The country's inflation rate in August more than doubled compared to the same month last year, when it recorded 15.3% increase. The latest surge is compounded by economic pressures, a shortage of foreign currency and successive devaluation of the Egyptian pound.
The figures released Sunday showed that Egyptian food prices, the nation's main driver of inflation, rose by over 70% in August compared to the same month in 2022. Grains, meat, poultry, fish, and fruit were among the products with the biggest price spikes.
The Egyptian pound has lost more than 50% of its value against the dollar since the Russian war on Ukraine broke out in February 2022, adding further burdens on millions of Egyptians whose savings are running low as the cost of living surges. Some 27.3% of of Egyptians live below the poverty line, making less than the equivalent of $169.12 per year, according to Saifaddin Galal of Statista.

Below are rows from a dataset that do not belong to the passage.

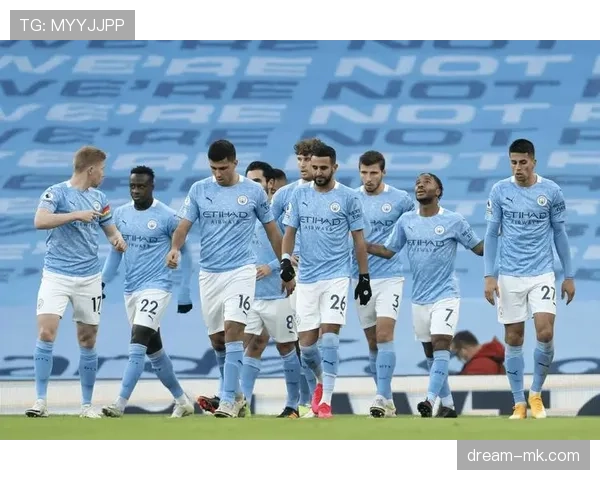 曼城进攻看似集中中路，其实边路隐患藏不住了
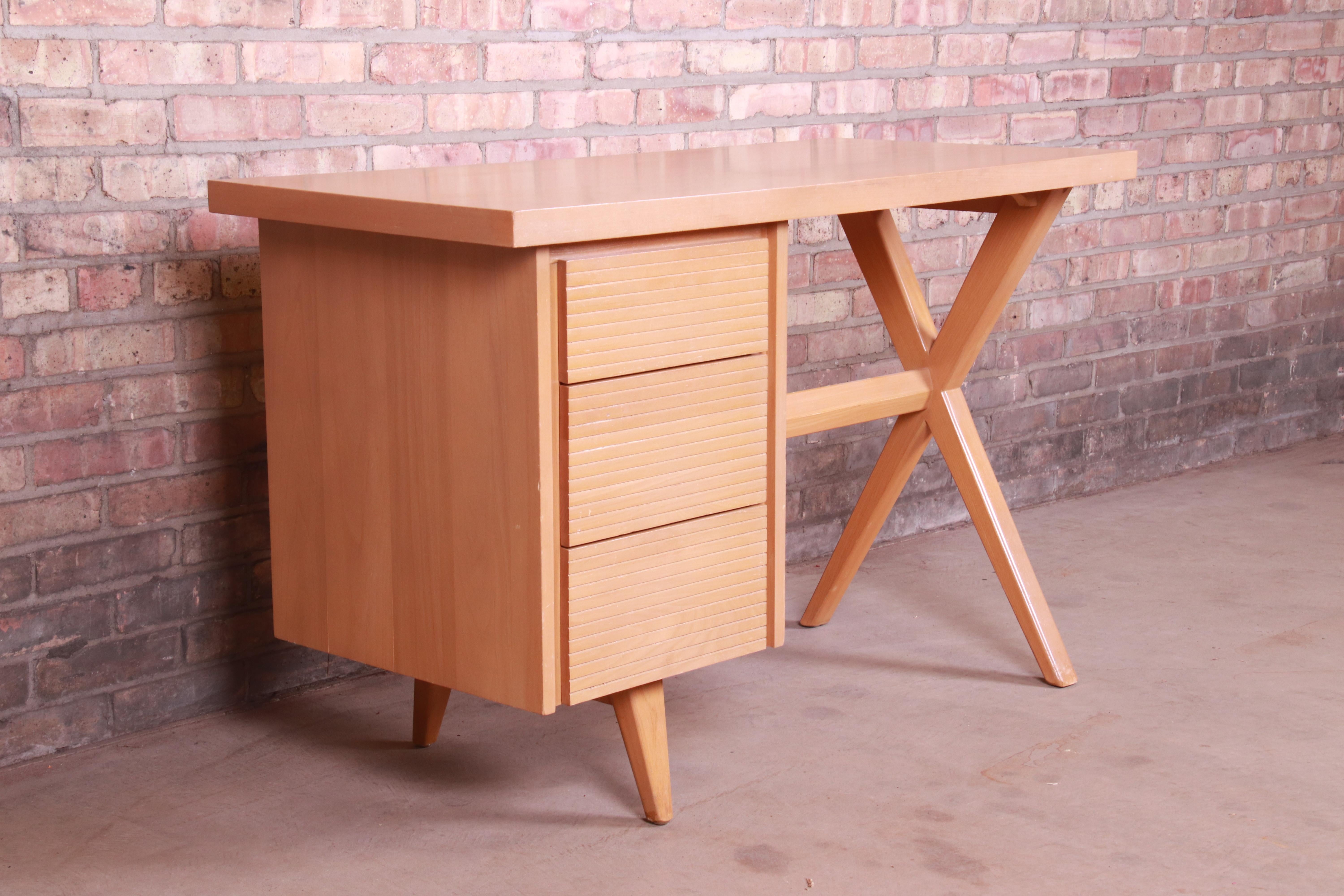 Paul McCobb Style Mid-Century Modern Maple Desk and Chair, 1950s 5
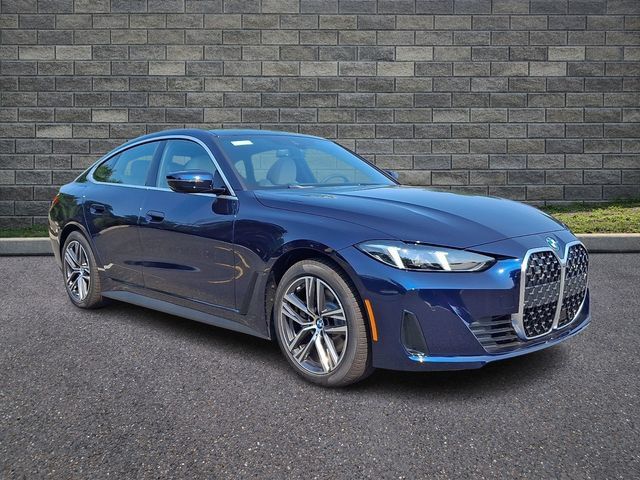 New 2026 BMW 430i xDrive w/ Premium Package AWD/4WD image 1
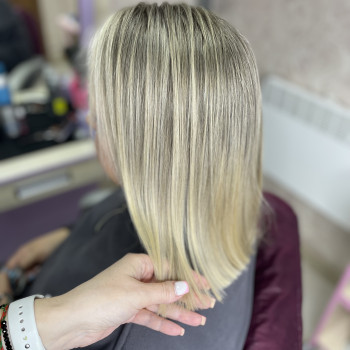 Фарбування у техніці аіртач
                    Перукар  Харків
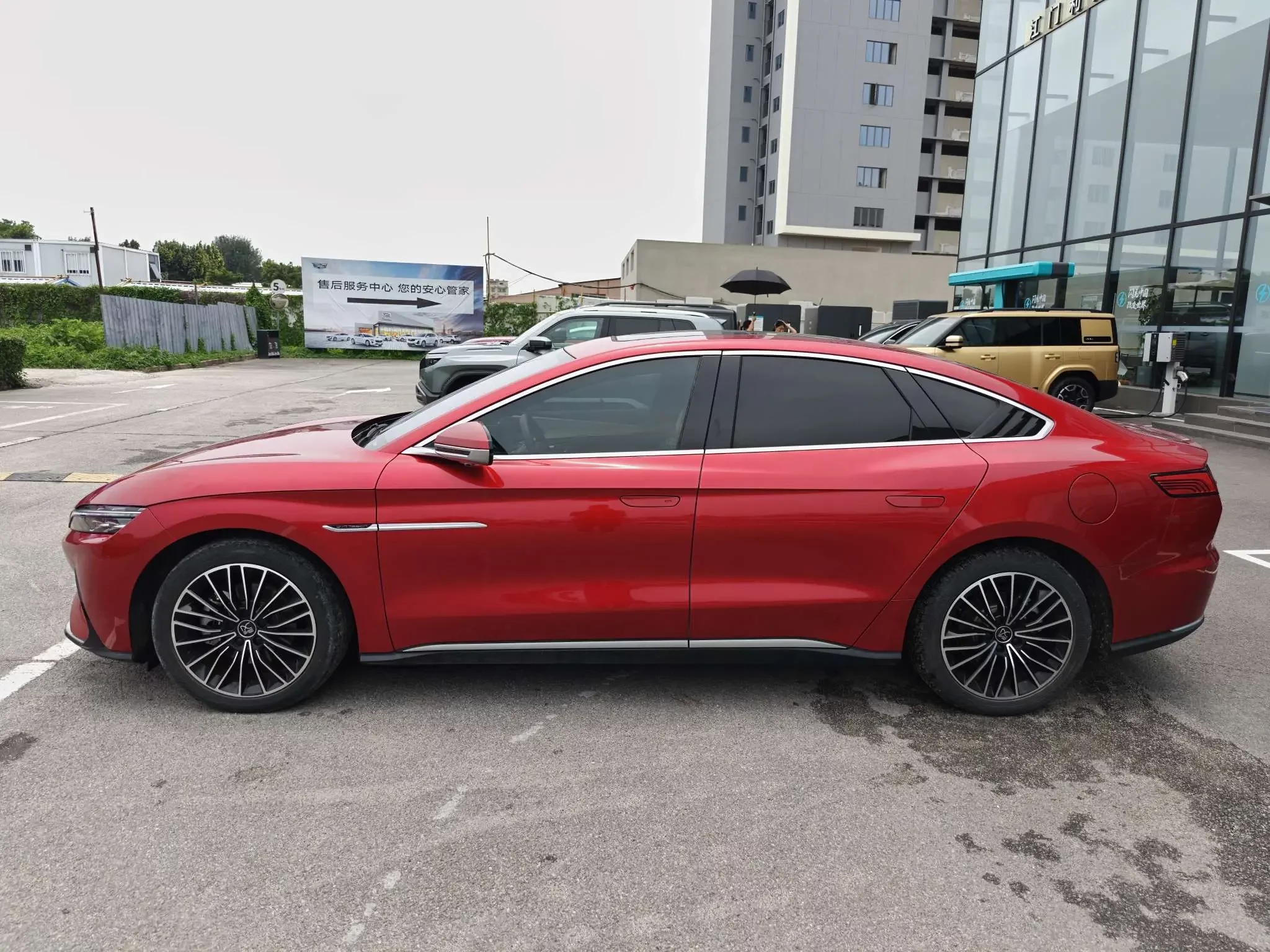 BYD Han EV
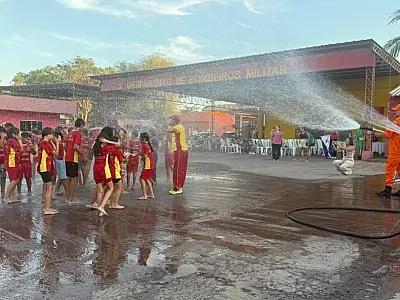 Banho de mangueira marca formatura do Projeto 'Bombeiro na Escola'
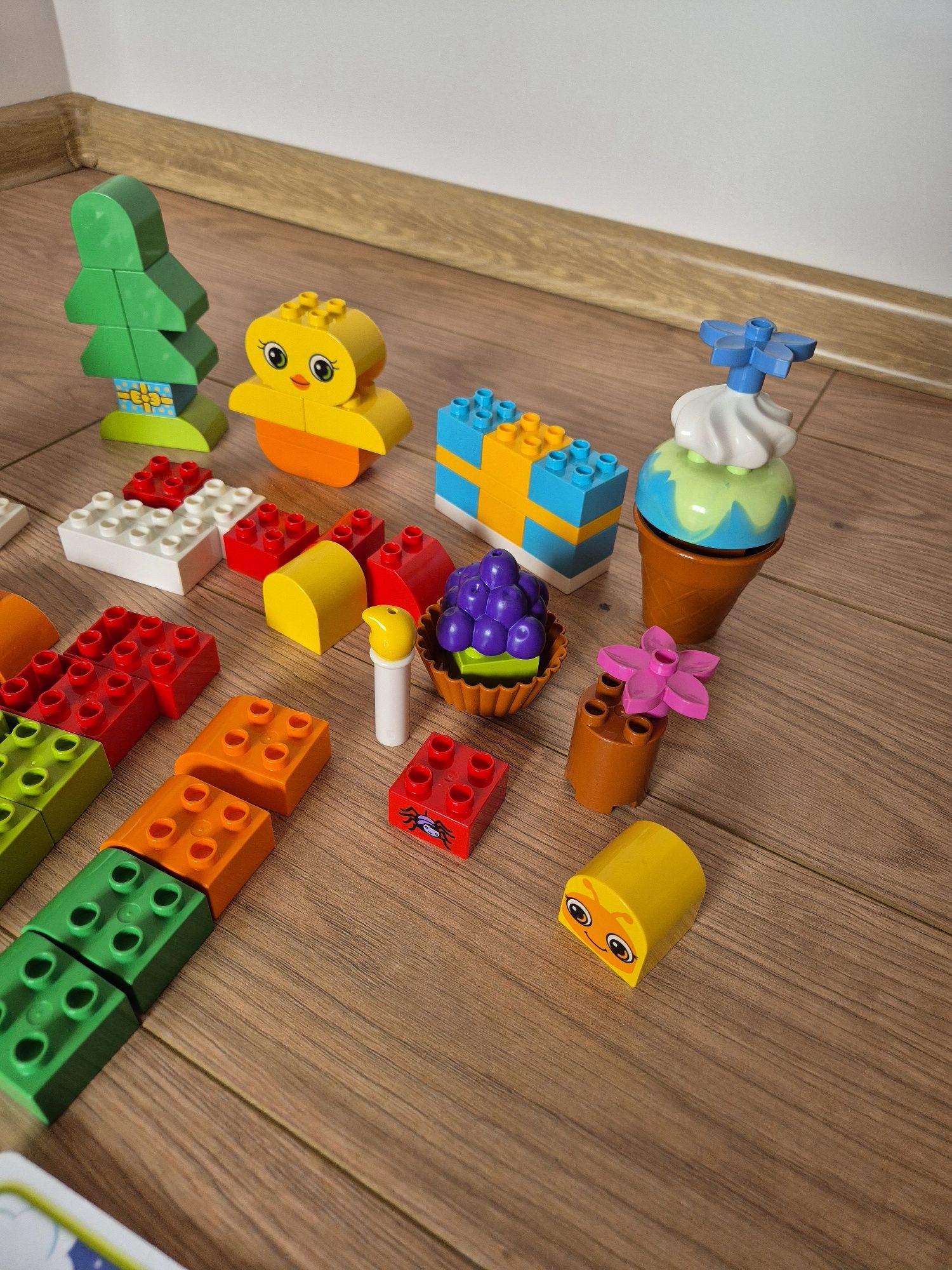 Zestawy lego duplo kreatywny kuferek 10818 i biedronka 10859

Egypt, the most populous Arab country with a population of over 105 million, was the world’s largest importer of wheat as of 2021, when it purchased $4.35 billion in wheat, mostly from Russia, according to the Observatory of Economic Complexity. The country's imports of wheat fell to an eight-year low of 10.5 million metric tons from July 2022 to June 2023 due to Russia's war in Ukraine, and are expected to tick up 3% in the 2023 to 2024 marketing year, according to the U.S. Department of Agriculture.